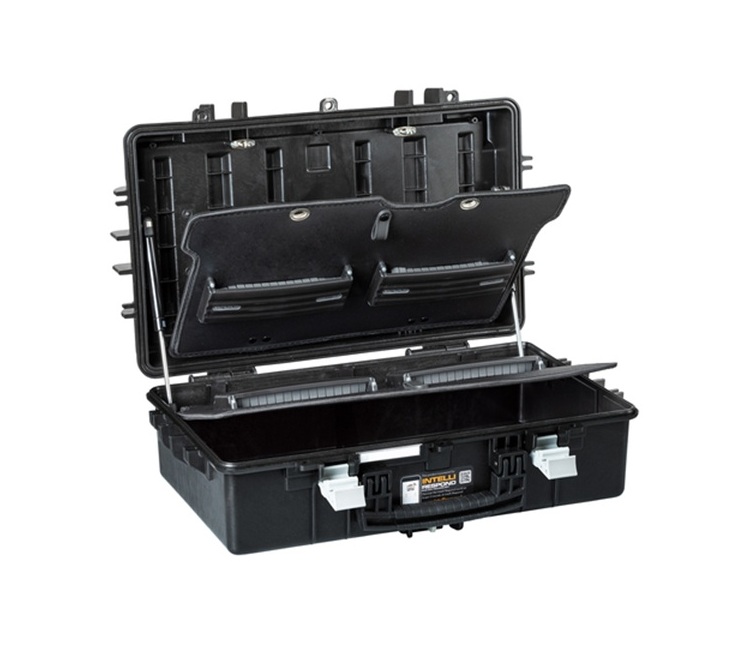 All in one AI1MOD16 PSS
# # # # # # #
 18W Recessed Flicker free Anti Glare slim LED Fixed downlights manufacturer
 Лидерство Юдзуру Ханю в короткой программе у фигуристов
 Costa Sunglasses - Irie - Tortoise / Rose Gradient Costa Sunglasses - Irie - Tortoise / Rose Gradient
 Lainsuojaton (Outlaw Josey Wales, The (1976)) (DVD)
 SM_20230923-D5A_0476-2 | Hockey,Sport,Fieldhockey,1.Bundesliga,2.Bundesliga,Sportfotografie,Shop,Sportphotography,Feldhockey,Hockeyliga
# # # # # # #
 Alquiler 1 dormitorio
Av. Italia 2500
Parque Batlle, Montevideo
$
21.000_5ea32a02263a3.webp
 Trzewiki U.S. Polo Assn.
# # # # # # #
**Task goal**
Write out exactly the lines above from the line with "Parque Batlle, Montevideo" through the line with "Trzewiki U.S. Polo Assn.", both of them included, and leave out all other lines.

**Answer area**
Parque Batlle, Montevideo
$
21.000_5ea32a02263a3.webp
 Trzewiki U.S. Polo Assn.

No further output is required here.